_TASK OBJECTIVE_
Would you print the data below exactly, leaving out every picture?

Collected data:
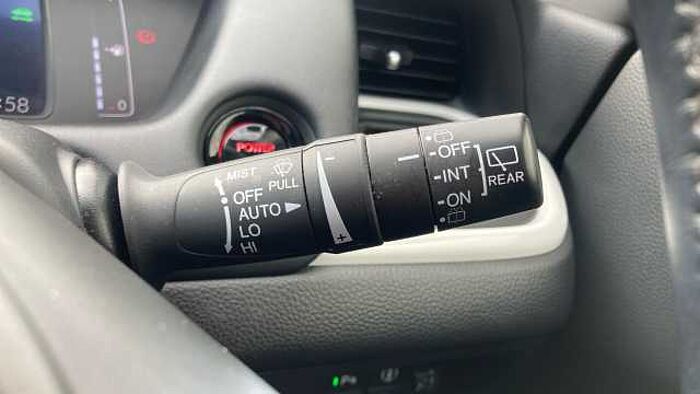 Honda Jazz 1.5 i-MMD Hybrid EX 5dr eCVT Hybrid Hatchback 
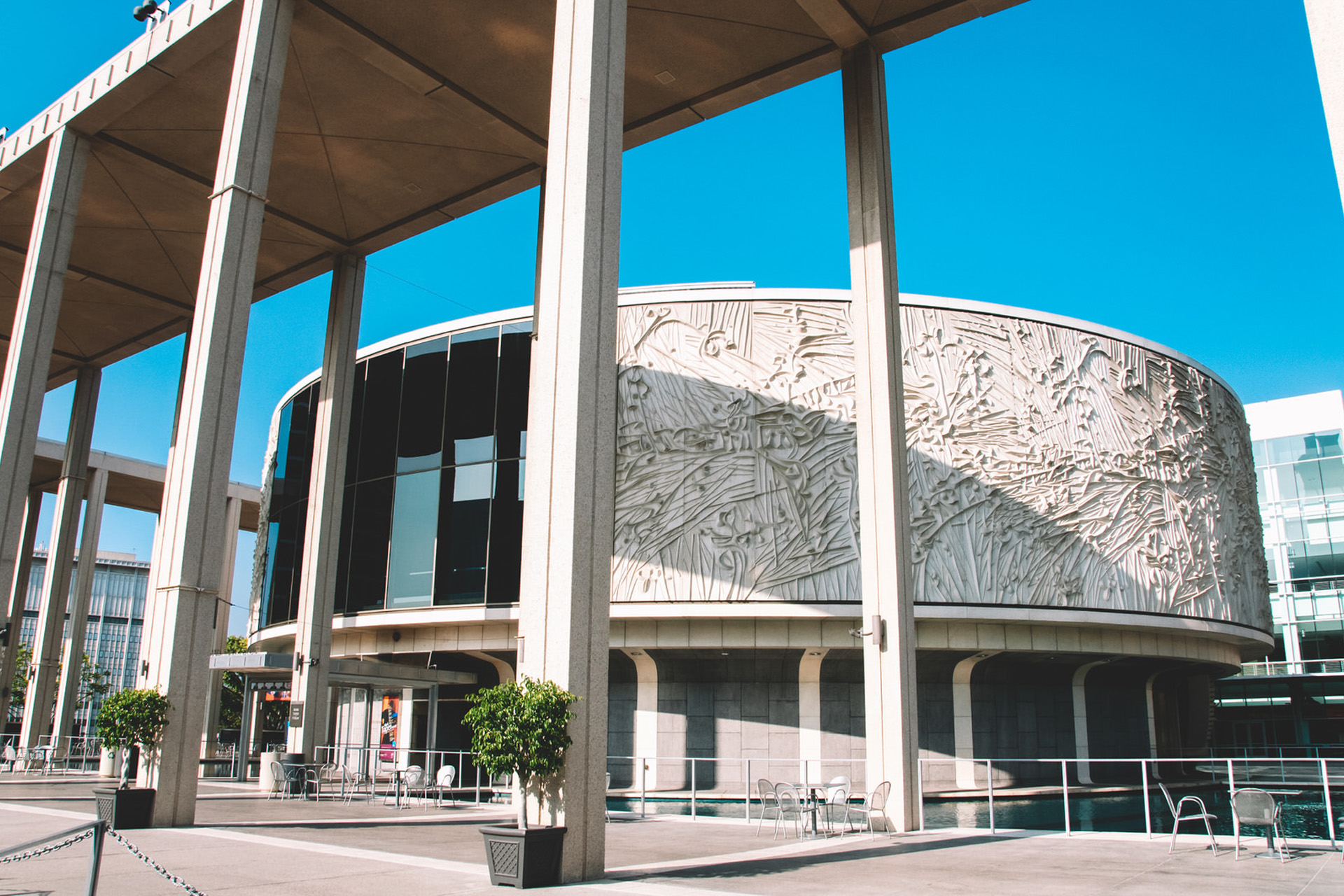 UCI Drama Alumni Chris Renfro ’14 and Justine Rafael ’21 Join Center Theatre Group’s Here Lies Love at the Mark Taper Forum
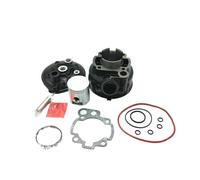 Moto Cylindre Piston Pour Minarelli Pour Aprilia Pour MX50 Pour RS50 Pour RX50 Kit Cylindre AM6 47 mm, Kit Piston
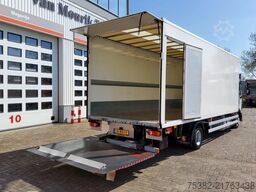 Renault D240 P4x2 - ACC. - 21-BSJ-7 - BAKWAGEN - 12 TON...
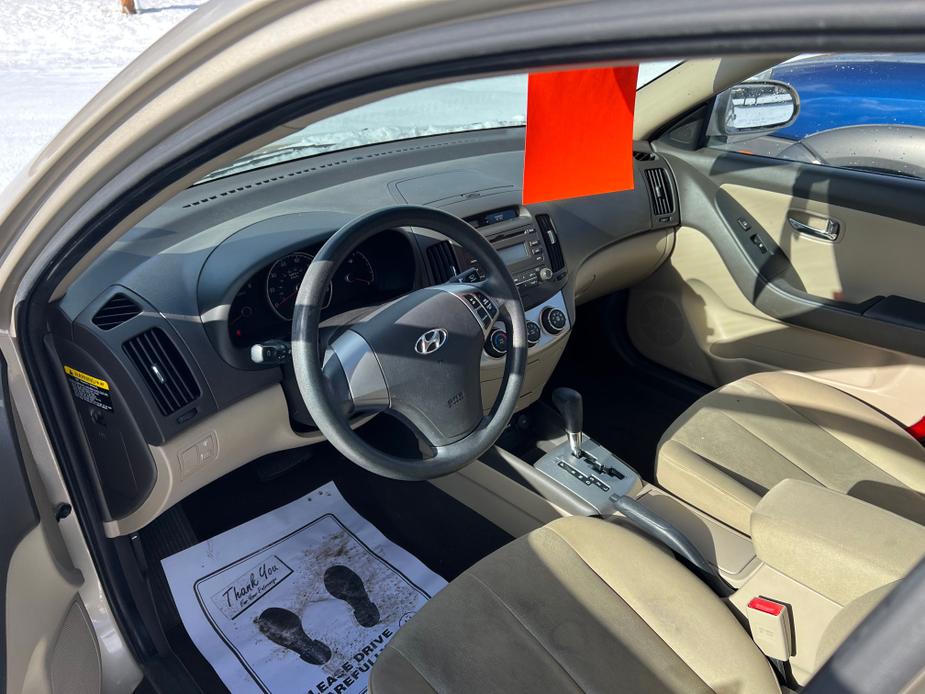 used 2010 Hyundai Elantra car, priced at $6,500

_PROBLEM SOLUTION_
 Honda Jazz 1.5 i-MMD Hybrid EX 5dr eCVT Hybrid Hatchback 
 UCI Drama Alumni Chris Renfro ’14 and Justine Rafael ’21 Join Center Theatre Group’s Here Lies Love at the Mark Taper Forum
 Moto Cylindre Piston Pour Minarelli Pour Aprilia Pour MX50 Pour RS50 Pour RX50 Kit Cylindre AM6 47 mm, Kit Piston
 Renault D240 P4x2 - ACC. - 21-BSJ-7 - BAKWAGEN - 12 TON...
 used 2010 Hyundai Elantra car, priced at $6,500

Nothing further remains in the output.